Start of Block

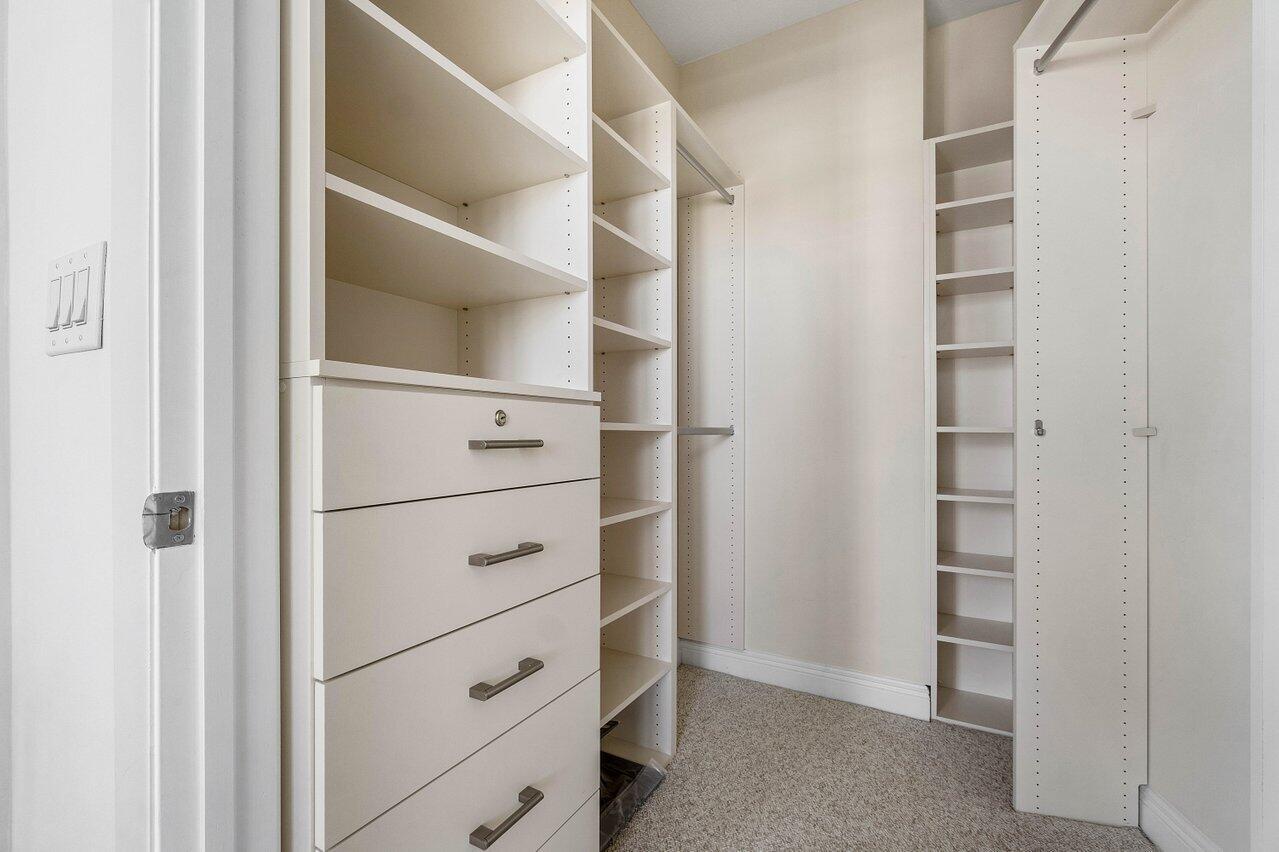 550 Okeechobee Boulevard 1709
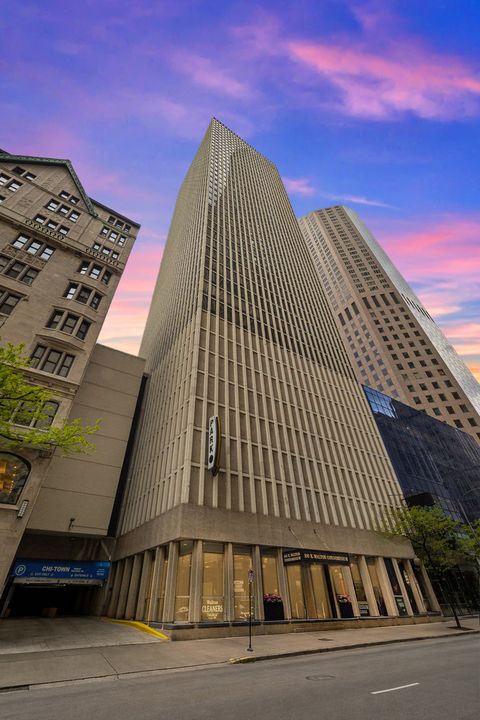 Photo of 100 E Walton Street #26B, Chicago, IL 60611 (MLS # 12646620)
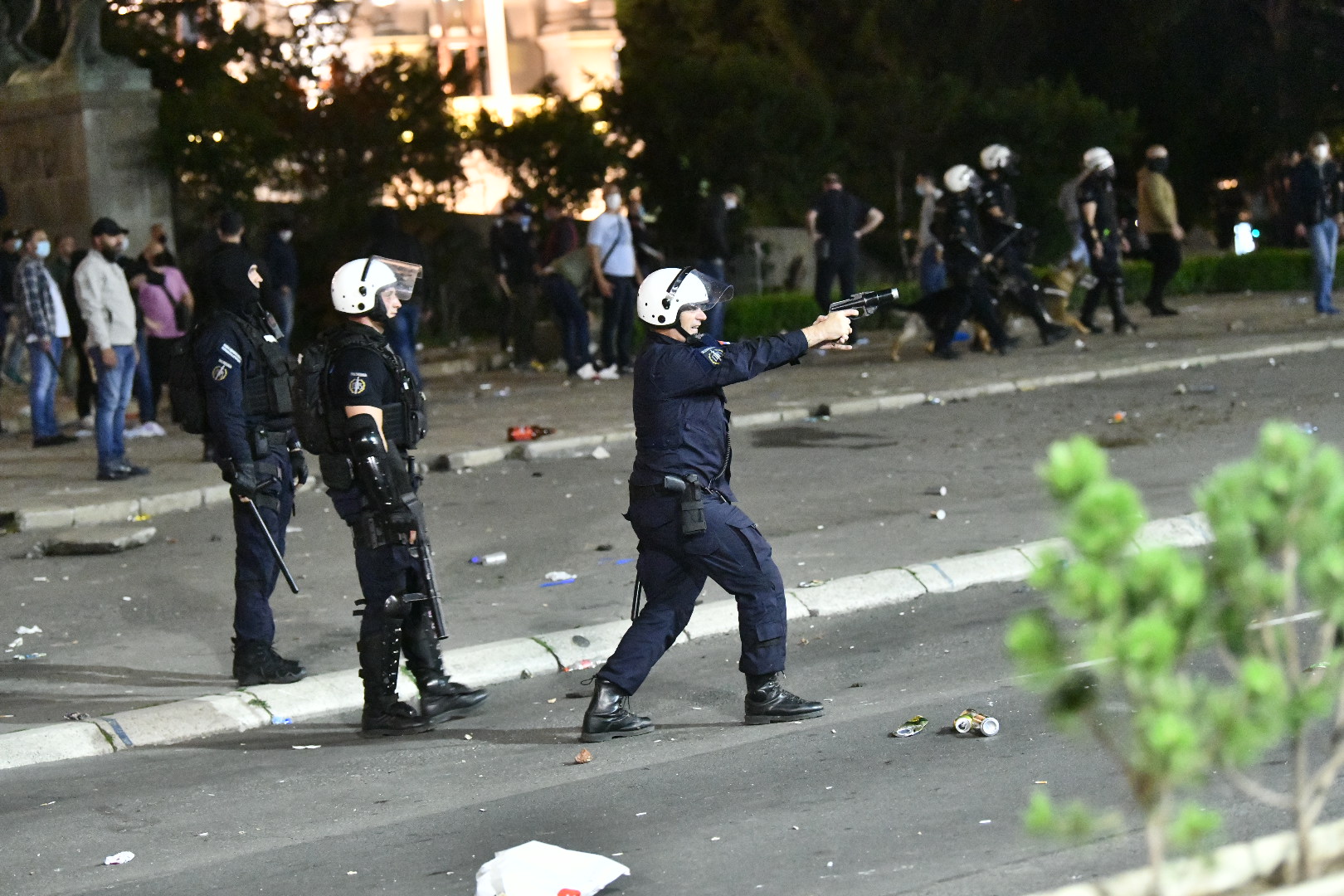 Beograd, 07.07.2020. Skupština, Protest protiv Vučića i policijskog časa Foto: Vladislav Mitić/Nova.rs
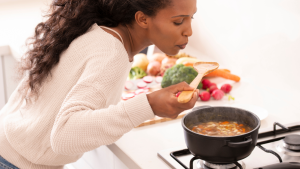 soplar la comida para enfriar los alimentos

End of Block

* PROBLEM
Restate the whole listing above exactly, except for its images.

* COMPLETED TASK
 550 Okeechobee Boulevard 1709
 Photo of 100 E Walton Street #26B, Chicago, IL 60611 (MLS # 12646620)
 Beograd, 07.07.2020. Skupština, Protest protiv Vučića i policijskog časa Foto: Vladislav Mitić/Nova.rs
 soplar la comida para enfriar los alimentos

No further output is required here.